According to Van Cleave, the message the group is hoping to get across is that students and alumni should refuse to give financially to George Mason University or any college or university which “prohibits law abiding citizens from owning and carrying guns.”

“Right now in Virginia, universities are under no obligation to protect individuals, but they’re also not letting you protect yourself,” said Van Cleave. “Such policies are dangerous to everybody.”

Van Cleave mentioned Blue Ridge Community College as an example of a Virginia institution which has no gun ban and, according to Van Cleave, hasn’t experienced any problems.

Separately, Jason von Kundra is one of 19 individuals who signed an open invitatation to participate in what a group is calling a "General Assembly," where Mason students, faculty and staff will be able to voice concern about issues facing the Mason community and to “move forward in creating positive change."
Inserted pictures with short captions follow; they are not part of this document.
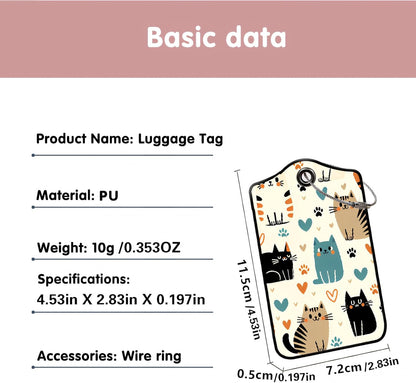 Luggage Tags for Suitcases, 2-Pack PU Leather for Cruise & Travel, Baggage ID Tags with Privacy Cover & Address Card, Durable Metal Ring, Kids Adults Travel Accessories, Kitty Love Pattern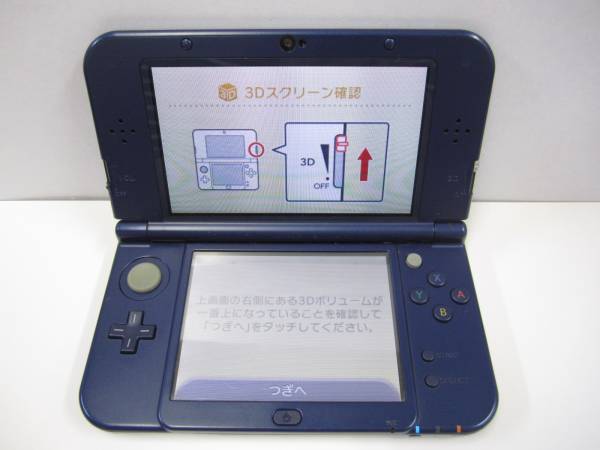 T2074☆任天堂 New3DSLL 本体のみ メタリックブルー 中古 LL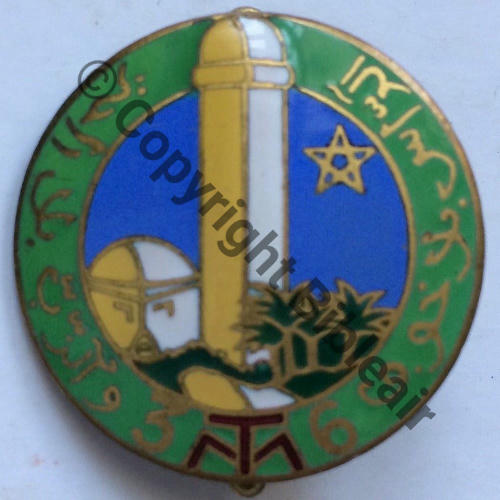 RTM  6eRgt TIRAILLEURS MAROCAINS  3eCIE 1939.45  AB SM Bol pastille AB Rennes  et poinconne Dos lisse irreg concave Src.edenpat18 500EurInv 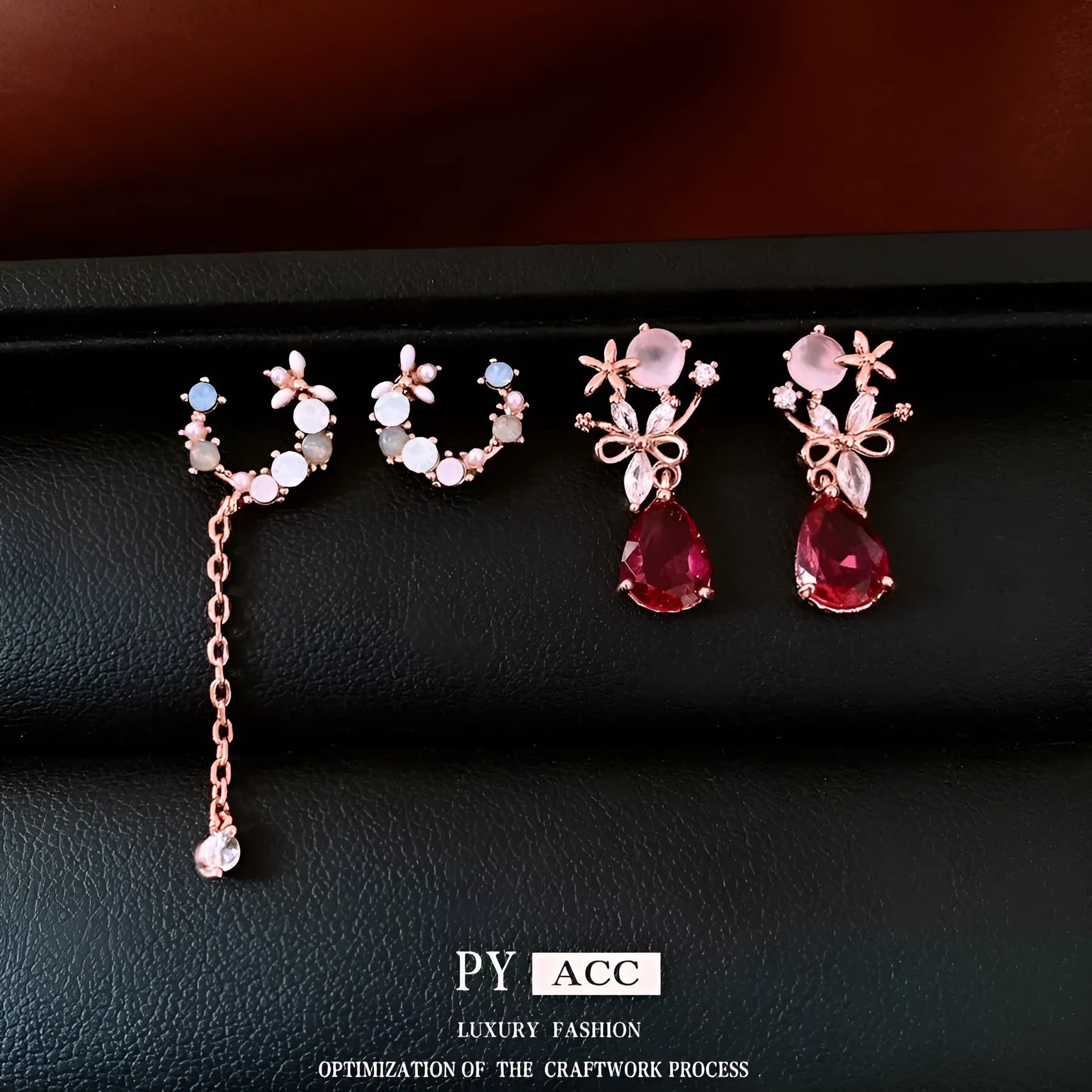 French style silver needle zircon flower drop earrings in rose gold pink on copper base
"We expect to have a conversation in the format of a public forum where the students, faculty, staff, and all workers can discuss issues that affect our community and issues in general,” said von Kundra.

Von Kundra said police involvement gives him confidence the protests will occur peacefully.

“The police are well aware of safety concerns [with the VCDL] and are working with student organizers and prioritizing student safety," said von Kundra. "I have full confidence that both events will remain non-violent."

According to an email sent to C2M, one of the issues the group is hoping to address is perceived racial and gender preferences that exist for high-ranking administrative positions within the university.

“Discrepancies at Mason are something that needs to be addressed,” said Von Kundra. “Of the 42 top positions at the university, 98 percent are held by whites and 64 percent are held by men. That's unacceptable."

The group follows the Occupy Wall Street movement in its criticism of the top 1 percent most wealthy and privileged individuals. The message compares the annual earnings of President Merten ($633,631) and the top 0.1 percent of the Mason community, with the starting salary of Mason dining workers (2.79 percent of President Merten’s salary).

Another topic the group will look to discuss is the perceived lack of community involvement in the presidential search process to replace President Alan Merten, set to retire in June.

“Would it be possible to establish shared governance in which all stakeholders – students, faculty, and staff – can participate in decision making rather than concentrating power in the hands of the 0.1%?” asks the group in the email message.

C2M General Assignment Reporter Ethan Vaughan contributed to this story.


UPDATE: Wednesday, Nov. 9, 10:49 a.m.

Major George Ginovsky of the Mason Police Department said there will be "extra officers" working on campus during the protests Wednesday.

"There will be extra officers working at the site of the protests," said Ginovsky.

Ginovsky also said he has spoken with members of both protesting groups and doesn't expect there will be any problems.

"We don't expect any problems," Ginovsky said.

Ginovsky said he had asked George Mason University Public Relations to release a statement about the protests, which was the message posted on Facebook Monday morning.

Since there is a possibility the gun rights groups will be carrying weapons, Ginovsky said he wanted to make sure the people knew the individuals were a part of the protest and not a threat to the university community.

"I asked Media Relations [to post the statement] so people would know about the protests and not assume they were posing a threat to the campus," said Ginovsky.


UPDATE: Wednesday, Nov. 9, 1:33 p.m.

Original reports calling the demonstration by the GMU General Assembly an "Occupy George Mason" were inaccurate, according to the the group organizing the protest

The piece has been updated for clarity in language.